There He Goes Again
Schweizer is at his scholarly worst, however, when he attempts to deny that Reagan's military buildup and reckless talk nearly provoked the Soviet leaders into launching a pre-emptive nuclear attack--to pre-empt the pre-emptive nuclear attack that they believed Reagan was about to unleash on them. Events during the course of 1983--such as President Reagan's "Evil Empire" and "Star Wars" speeches, America's reaction to the shoot-down of Korean Air Lines Flight 007 by a Soviet fighter pilot, the US invasion of Grenada--intensified the KGB's ongoing search (since Reagan's inauguration) for evidence that the United States intended to inflict a pre-emptive nuclear strike on the USSR.

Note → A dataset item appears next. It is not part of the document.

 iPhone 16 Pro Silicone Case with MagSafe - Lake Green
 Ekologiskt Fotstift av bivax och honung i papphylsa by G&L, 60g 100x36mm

In November of that year, the KGB mistakenly believed it had found such evidence. A pre-emptive nuclear strike by the United States might occur under the cover of the Able Archer military exercises that US/NATO forces were conducting, to test, as Frances FitzGerald relates in Way Out There in the Blue: Reagan and Star Wars and the End of the Cold War, "the command-and-control procedures for the use of nuclear weapons." Moscow's KGB "Center" issued a flash alert for all information indicating that the United States was preparing an imminent nuclear strike.

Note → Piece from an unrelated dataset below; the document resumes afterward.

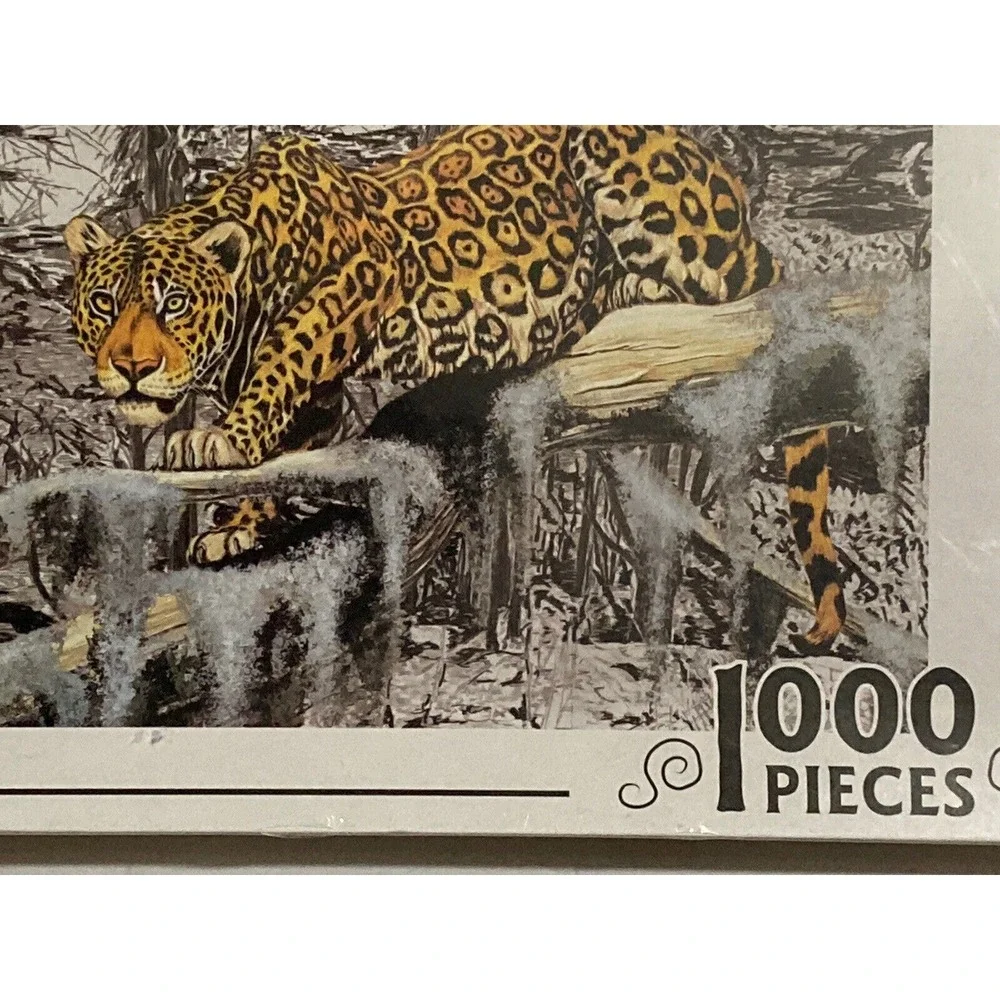 IN THE PROWL Leopard 1000 Piece Puzzle Serendipity 20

Consequently, according to Professor Beth Fischer in The Reagan Reversal, Moscow upgraded "the alert status of twelve of its nuclear-capable fighter aircraft," and "in East Germany and Poland, Soviet forces began to prepare for a retaliatory nuclear strike."

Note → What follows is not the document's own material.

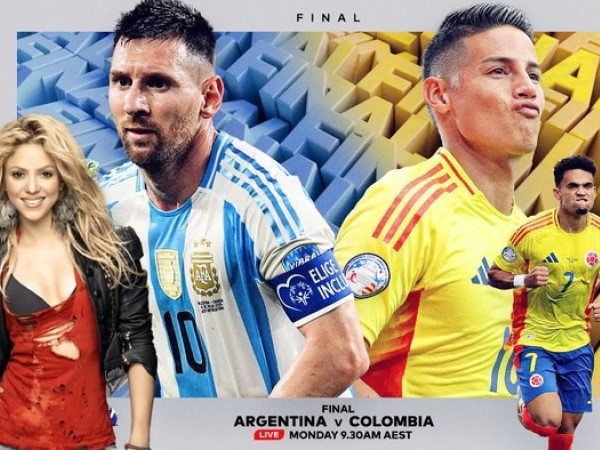 Độc lạ Copa America: Trận chung kết Argentina vs Colombia nghỉ giữa hiệp gần 30 phút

Although the crisis subsided, why the Soviet Union did not launch a pre-emptive strike of its own remains an open question. After all, as Fischer notes, "prevailing nuclear doctrine at the time held that in the face of an impending nuclear attack, the Soviets should have sought to avoid disaster by launching a pre-emptive nuclear attack of their own."
Schweizer acknowledges that Soviet leader Yuri Andropov "believed that a first strike was being planned," but cites Gen. Nikolai Detinov (without an endnote) denying that the military brass "took the threat of an American attack seriously." Schweizer then adds, "Neither did the aged Defense Minister [Dmitri] Ustinov." To prove that point, Schweizer adds an endnote that refers the reader to page 130 of Andrei Kokoshin's book, Soviet Strategic Thought, 1917-1991 (MIT, 1998). Yet, when the reader turns to page 130, he finds no mention of Ustinov.
Schweizer also claims that "Likewise, Foreign Minister Gromyko dismissed such paranoia, explaining that the Americans would never strike first, but only 'in response to aggression.'" As proof of Gromyko's quote, Schweizer refers to pages 522-23 of Anatoly Dobrynin's memoir, In Confidence. But there we find neither Gromyko nor his quote. What we do find, however, is Dobrynin's assertion that Ustinov believed "that the Reagan administration was actively preparing for war."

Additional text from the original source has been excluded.